Defending Collections Lawsuits
If you’re sued on a standard credit card or retail credit account, you may be frightened and confused, and convinced that you absolutely owe the money. But that’s not always the case, and although bankruptcy is usually the best option if you have multiple debts, it’s still good to know how consumers defend themselves against credit card lawsuits.
Who is Suing?
In most cases, it is not the original creditor that brings the lawsuit against you for an unpaid account. In other words, it is usually not Chase Bank, or Best Buy, or Target, or Capitol One that sues you. More often, it is a debt buyer.
What is a Debt Buyer?
A debt buyer purchases large accounts of debts, sometimes millions of dollars, for pennies on the dollar from the original creditors. But because the debt buyer is purchasing so many accounts, and because the original creditor really wants to just get rid of this old, uncollectable debt, the original creditor often doesn’t give the debt buyer all the paperwork or information on each account sold.

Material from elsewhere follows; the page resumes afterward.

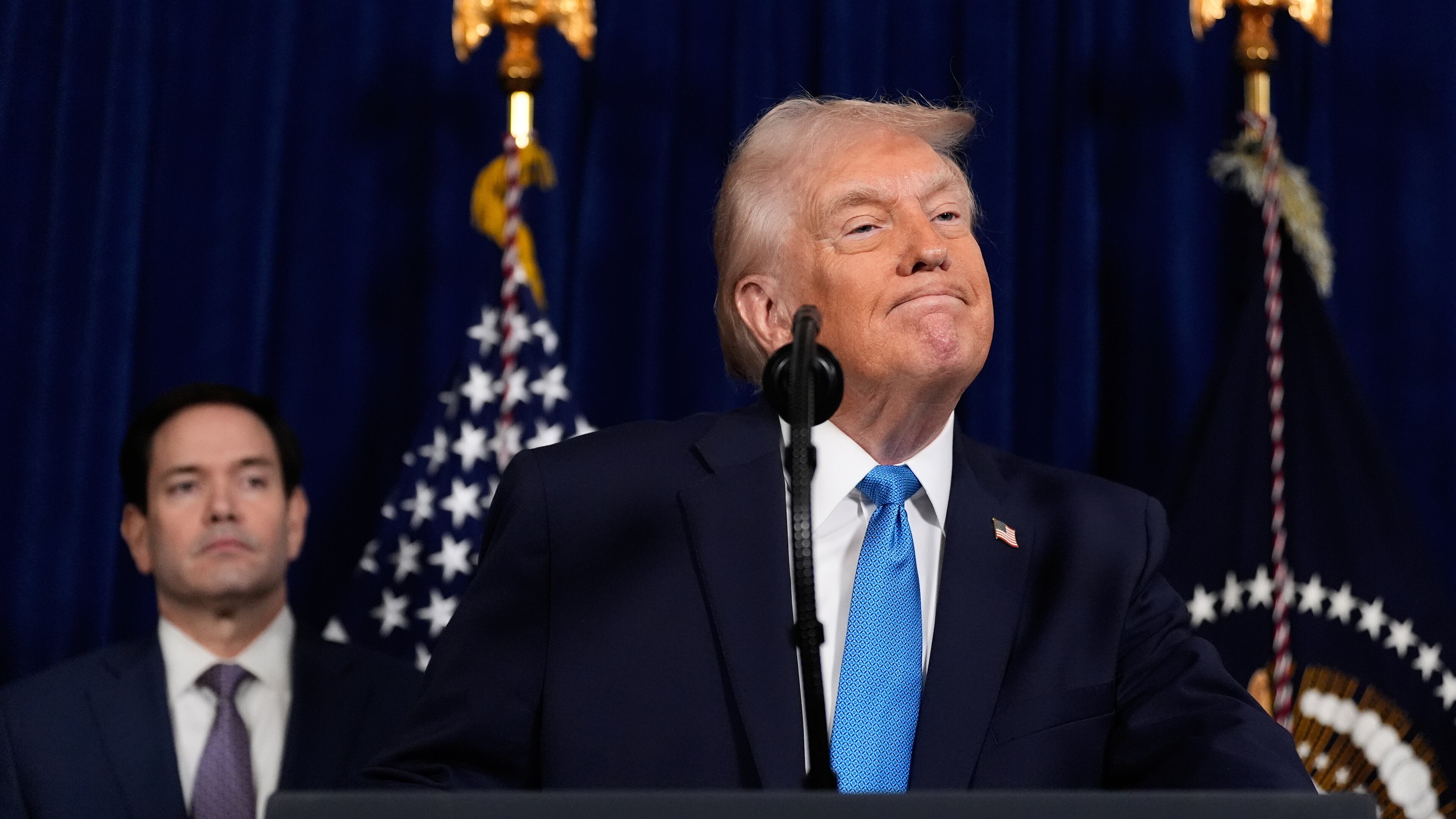 President Donald Trump listens to a question during a news conference at Mar-a-Lago, Saturday, Jan. 3, 2026, in Palm Beach, Fla., as Secretary of State Marco Rubio watches. (AP Photo/Alex Brandon)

That means that when debt buyers try to collect on accounts, including when they sue, they often run into problems. For example, they may not have a full and complete copy of the paperwork that you signed when you first took out the account. That paperwork is often needed for the debt buyer to sue you.
Debt buyers may be completely unaware of the status of the debt. For example, a debt buyer may not be aware that you made a payment, that you paid off the account, or that the account is too old to be legally collected. In many cases, a debt buyer will try to collect debt that has been discharged in a bankruptcy (an illegal practice, which you as a consumer can sue the debt buyer for even attempting to do).
Lack of Paperwork
Even if the debt is completely legitimate and collectable, the lack of paperwork on the account often leads a debt buyer to ask for amounts in a lawsuit that aren’t supported by or documented by the paperwork.
For example, a debt buyer may ask for attorneys fees, or interest on an unpaid balance, that is not allowable in the absence of a contract between the original creditor and you, the consumer.
Defenses in Bankruptcy
These defenses aren’t only applicable when defending collections cases. They also apply in bankruptcies, when creditors try to challenge your discharge, or claim that for some reason their debt should not be discharged. This kind of challenge is rare, but it happens. When it does, your bankruptcy attorney will use these same defenses to try to demonstrate that the creditor does not have a valid claim to collect anyway, discharge or not.